Bu noktada, medya tarafından verilen her türlü bilgiye eleştirel bir şekilde yaklaşmak, sorgulamak ve doğru değerlendirmek son derece önemlidir. İçinde yaşadığımız çağda, hem geleneksel medya hem de sosyal medya platformların yer alan bilgi kirliliği, bir dezenformasyon çılgınlığına neden olmaktadır:
Propaganda, yanlış bilgilendirme ve yalan haber nedir?
‘Propaganda’, ‘yanlış bilgilendirme’ ve ‘sahte haber’ terimleri genellikle anlam bakımından benzerlik göstermektedir. Bunlar, genellikle herhangi bir bakış açısının desteklenmesi ile ilgili olarak, medyada kasıtlı veya kasıtsız olarak ilgili kişi ve kurumları zarara uğratabilecek bilgilerin yayılmasına neden olmaktadır.
Bu kategoriye giren iki farklı bilgi kullanımını birbirinden ayırmak mümkündür:
- Yanlış bilgi – zarar verme niyeti olmaksızın paylaşılan yanlış bilgi
- Bilgiyi çarpıtma: zarar vermek amacıyla kasıtlı olarak paylaşılan yanlış bilgi
Bu terimlerin hiçbiri yeni olmamakla birlikte, iletişim ve medya biçimlerinin dijitalleşmesi ile birlikte daha fazla önem kazanmışlardır. Örneğin; bazen bir kişi hakkında sosyal medyada paylaşılan yazı, resim ve videolar, o bilginin sadece birkaç saat içinde viral hale gelmesini sağlayabilir.
Sosyal medyada propaganda ne kadar güçlü?
Şöyle bir söz vardır: “Eğer ürünün ne olduğunu bilmiyorsanız, ürün sizsinizdir.” Facebook, Twitter ve YouTube para kazanmaya odaklanmış kar amacı gütmeyen kuruluşlardır, ancak ilk bakışta bu şirketlerin ne sattığını görmek zordur.

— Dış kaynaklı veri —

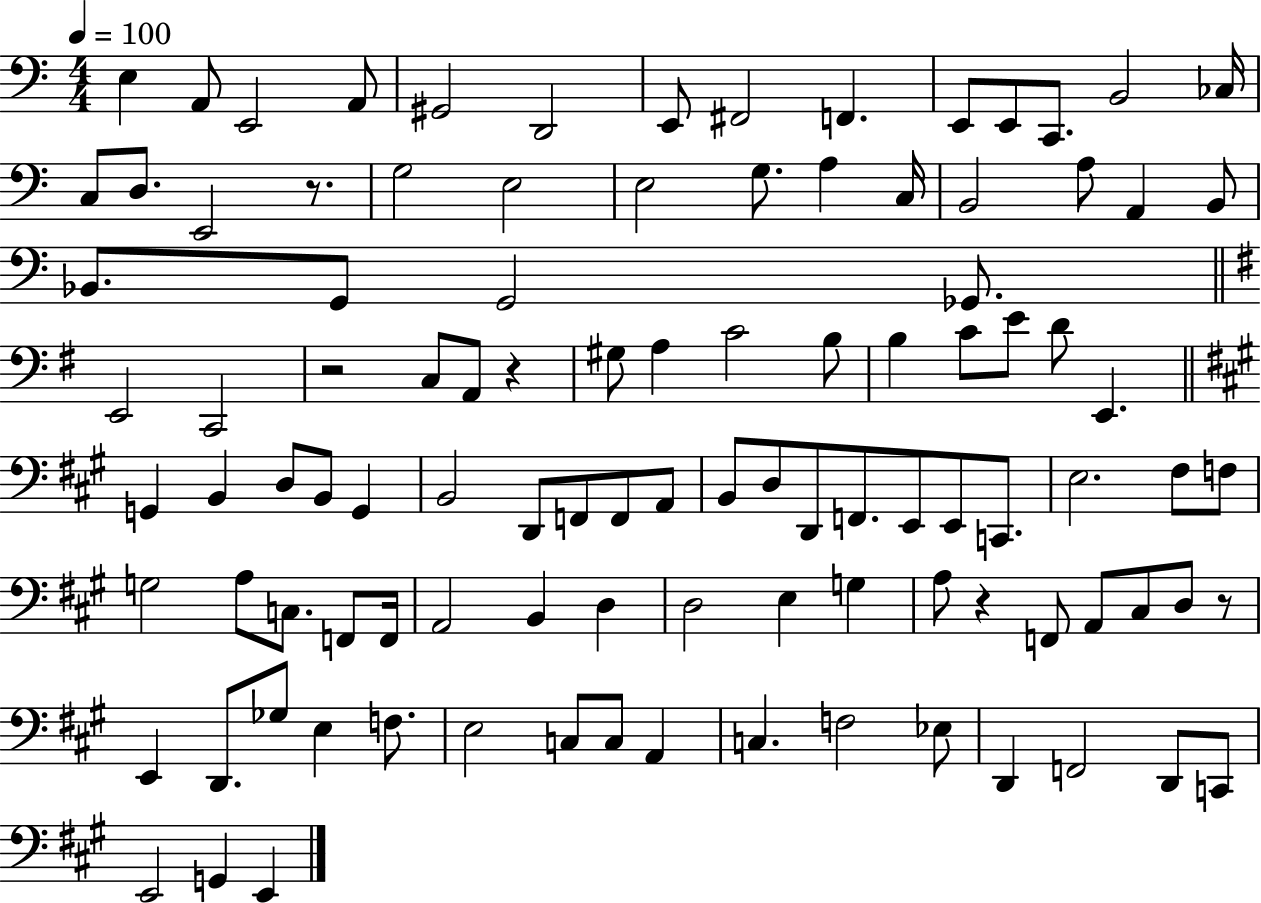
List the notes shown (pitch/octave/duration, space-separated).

E3/q A2/e E2/h A2/e G#2/h D2/h E2/e F#2/h F2/q. E2/e E2/e C2/e. B2/h CES3/s C3/e D3/e. E2/h R/e. G3/h E3/h E3/h G3/e. A3/q C3/s B2/h A3/e A2/q B2/e Bb2/e. G2/e G2/h Gb2/e. E2/h C2/h R/h C3/e A2/e R/q G#3/e A3/q C4/h B3/e B3/q C4/e E4/e D4/e E2/q. G2/q B2/q D3/e B2/e G2/q B2/h D2/e F2/e F2/e A2/e B2/e D3/e D2/e F2/e. E2/e E2/e C2/e. E3/h. F#3/e F3/e G3/h A3/e C3/e. F2/e F2/s A2/h B2/q D3/q D3/h E3/q G3/q A3/e R/q F2/e A2/e C#3/e D3/e R/e E2/q D2/e. Gb3/e E3/q F3/e. E3/h C3/e C3/e A2/q C3/q. F3/h Eb3/e D2/q F2/h D2/e C2/e E2/h G2/q E2/q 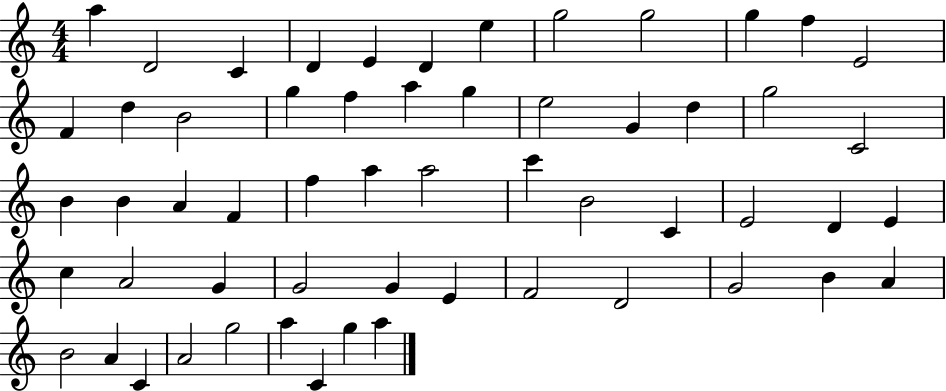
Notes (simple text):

A5/q D4/h C4/q D4/q E4/q D4/q E5/q G5/h G5/h G5/q F5/q E4/h F4/q D5/q B4/h G5/q F5/q A5/q G5/q E5/h G4/q D5/q G5/h C4/h B4/q B4/q A4/q F4/q F5/q A5/q A5/h C6/q B4/h C4/q E4/h D4/q E4/q C5/q A4/h G4/q G4/h G4/q E4/q F4/h D4/h G4/h B4/q A4/q B4/h A4/q C4/q A4/h G5/h A5/q C4/q G5/q A5/q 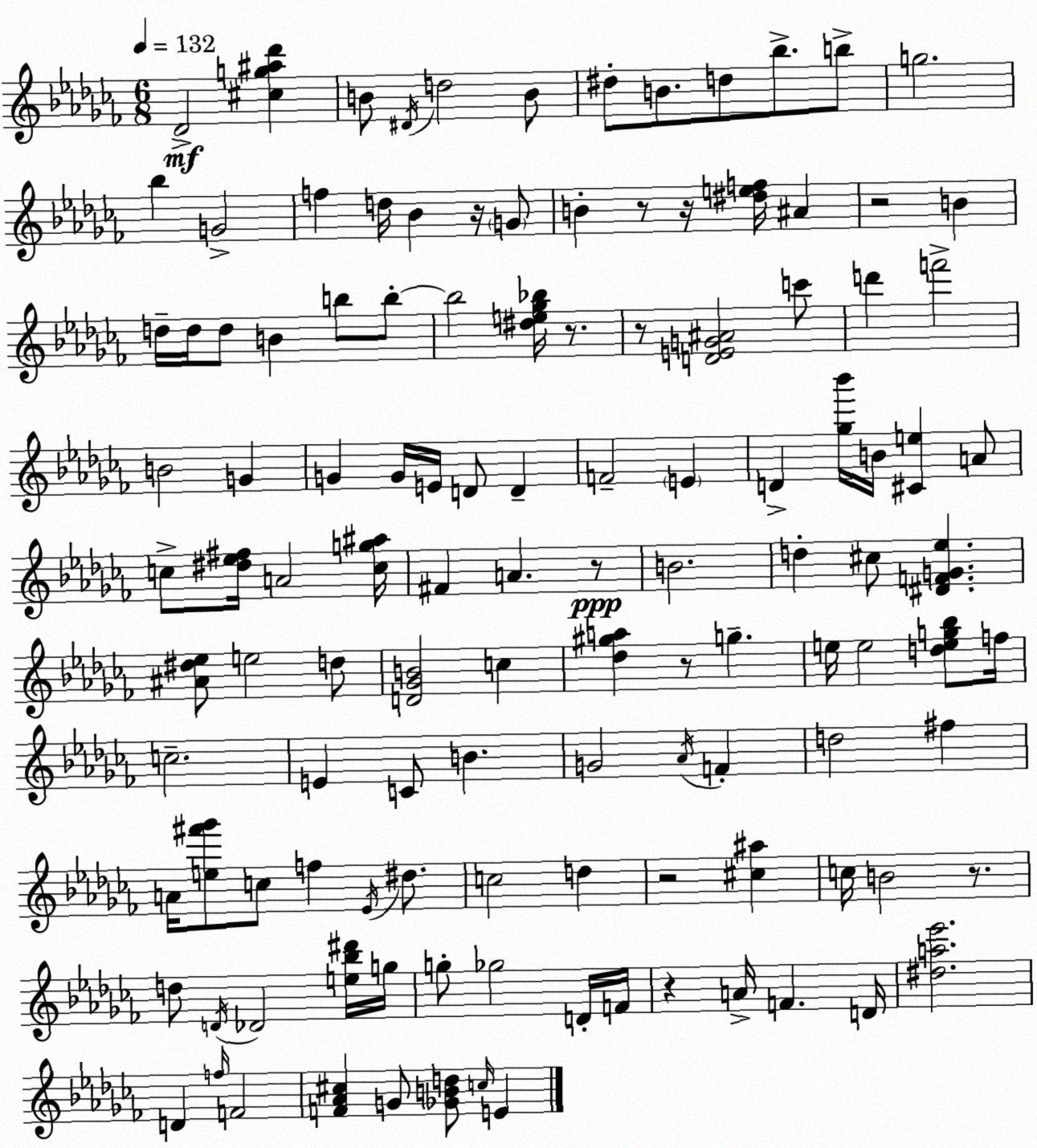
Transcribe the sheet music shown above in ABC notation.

X:1
T:Untitled
M:6/8
L:1/4
K:Abm
_D2 [^cg^a_d'] B/2 ^D/4 d2 B/2 ^d/2 B/2 d/2 _b/2 b/2 g2 _b G2 f d/4 _B z/4 G/2 B z/2 z/4 [^def]/4 ^A z2 B d/4 d/4 d/2 B b/2 b/2 b2 [^de_g_b]/4 z/2 z/2 [DEG^A]2 c'/2 d' f'2 B2 G G G/4 E/4 D/2 D F2 E D [_g_b']/4 B/4 [^Ce] A/2 c/2 [^d_e^f]/4 A2 [cg^a]/4 ^F A z/2 B2 d ^c/2 [^DFG_e] [^A^d_e]/2 e2 d/2 [D_GB]2 c [_d^ga] z/2 g e/4 e2 [deg_b]/2 f/4 c2 E C/2 B G2 _A/4 F d2 ^f A/4 [e^f'_g']/2 c/2 f _E/4 ^d/2 c2 d z2 [^c^a] c/4 B2 z/2 d/2 D/4 _D2 [e_b^d']/4 g/4 g/2 _g2 D/4 F/4 z A/4 F D/4 [^da_e']2 D f/4 F2 [F_A^c] G/2 [_GBd]/2 c/4 E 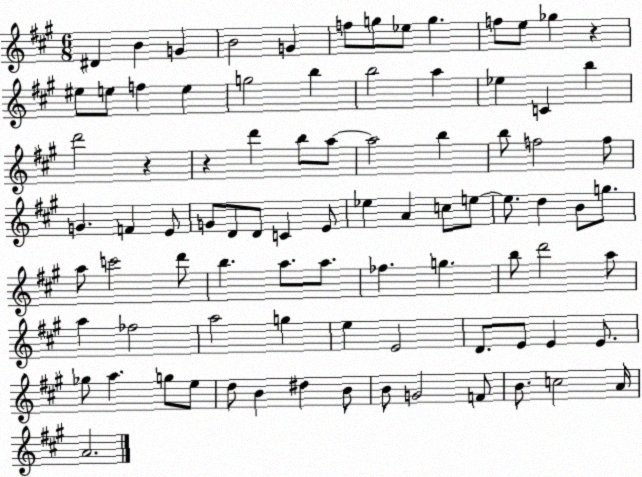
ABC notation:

X:1
T:Untitled
M:6/8
L:1/4
K:A
^D B G B2 G f/2 g/2 _e/2 g f/2 e/2 _g z ^e/2 e/2 f e g2 b b2 a _e C b d'2 z z d' b/2 a/2 a2 b b/2 f2 f/2 G F E/2 G/2 D/2 D/2 C E/2 _e A c/2 e/2 e/2 d B/2 g/2 a/2 c'2 d'/2 b a/2 a/2 _f g b/2 d'2 a/2 a _f2 a2 g e E2 D/2 E/2 E E/2 _g/2 a g/2 e/2 d/2 B ^d B/2 B/2 G2 F/2 B/2 c2 A/4 A2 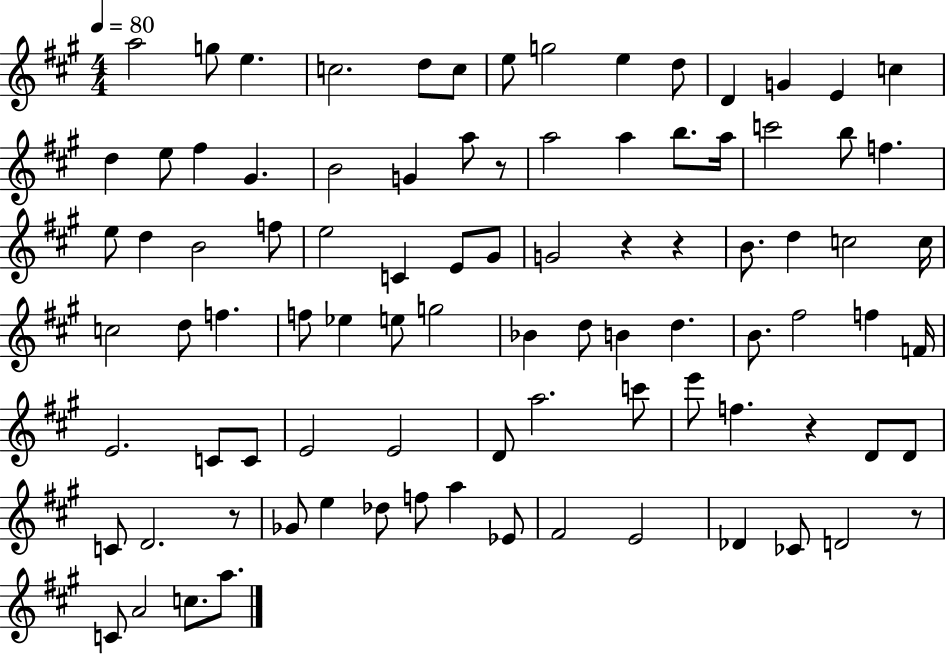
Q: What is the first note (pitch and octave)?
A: A5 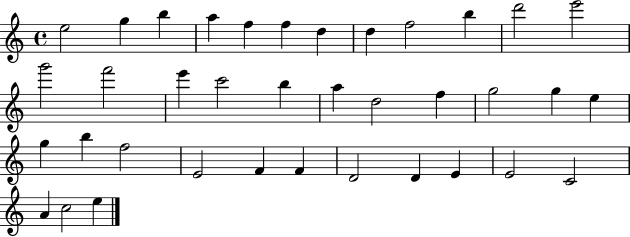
{
  \clef treble
  \time 4/4
  \defaultTimeSignature
  \key c \major
  e''2 g''4 b''4 | a''4 f''4 f''4 d''4 | d''4 f''2 b''4 | d'''2 e'''2 | \break g'''2 f'''2 | e'''4 c'''2 b''4 | a''4 d''2 f''4 | g''2 g''4 e''4 | \break g''4 b''4 f''2 | e'2 f'4 f'4 | d'2 d'4 e'4 | e'2 c'2 | \break a'4 c''2 e''4 | \bar "|."
}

Ürün, tek bir kullanıcı olan “siz” değilsiniz – satılan ürün, büyük ölçekte algılanamayan davranış değişikliğidir. Geçtiğimiz günlerde gündeme bomba gibi düşen Dilan Polat skandalı ile de bunu daha iyi anlayabiliriz. Sosyal medyanın gücü, bu insanların belirli bir takipçi kitlesine ulaşmasına, daha sonra ucu bucağı belli olmayan paralar kazanmalarına neden olabiliyor. Ancak yine medya sayesinde, bu ikilinin inanılmaz zenginliği birilerinin dikkatini çekiyor ve araştırılmaya başlıyor. Sonunda, bu kazançların yalnızca takipçilere satılan “ürünler” ile değil, kara para aklama yoluyla edinildiği ortaya çıkıyor.
Sosyal medyada yapılan reklamların davranışlar üzerindeki etkileri hala tam olarak anlaşılmış değil. Online reklamların davranışsal etkilerini henüz tam olarak anlamış değiliz. Sosyal medyada belirli bir reklamın beğeni ya da yorum alıp almadığını takip etmek kolay, ancak çevrimdışı davranışlar üzerindeki etkisini takip etmek çok daha zordur.
Bu durum, çevrimiçi siyasi propaganda için olduğu kadar reklam odaklı tüketim için de geçerlidir. Aslında, medyada propagandadan kaynaklanan davranış değişikliklerini takip etmek daha zordur. Trend olarak gösterilen sosyal medya önerileri de gizli propagandayı içerir.
Propaganda, reklamlar, fikirler, medya teknolojileri, haber kuruluşları ve değişken toplumsal normlar, değerler ve inançlarla birlikte içinde yaşadığımız tüm ekosistemin ayrılmaz bir parçasıdır.
Propaganda ve dezenformasyonun tutumlar üzerindeki etkisi
Geleneksel ve dijital medyada uygulanan propaganda ve dezenformasyon; insanların tutumlarını kontrol edebilir ve etkileyebilir, bu nedenle tam da istenilen tepki elde edilebilir.
Bir beyin beyin yıkama aracı olarak propagandanın etkisi çok güçlü olabilir ve insanların o kişi veya kuruma olan inancı ve bakış açısı güçlü bir şekilde değişebilir. Burada tehlikeli olan şeylerden biri de, medyada yer alan bu doğruluğu belli olmayan bilgilerden etkilenen alıcı, verdiği kararın kendi başına ve bağımsız olduğuna inanacaktır.
Bu çeşit propaganda biçimi, insanların vicdanının, propagandacı tarafından tasvir edilen ve kendi görüşlerinizi değiştirme veya manipüle etme kapasitesine sahip bir mesaj veya imajdan etkilenerek bir karar vermesine veya yargılamasına izin verir.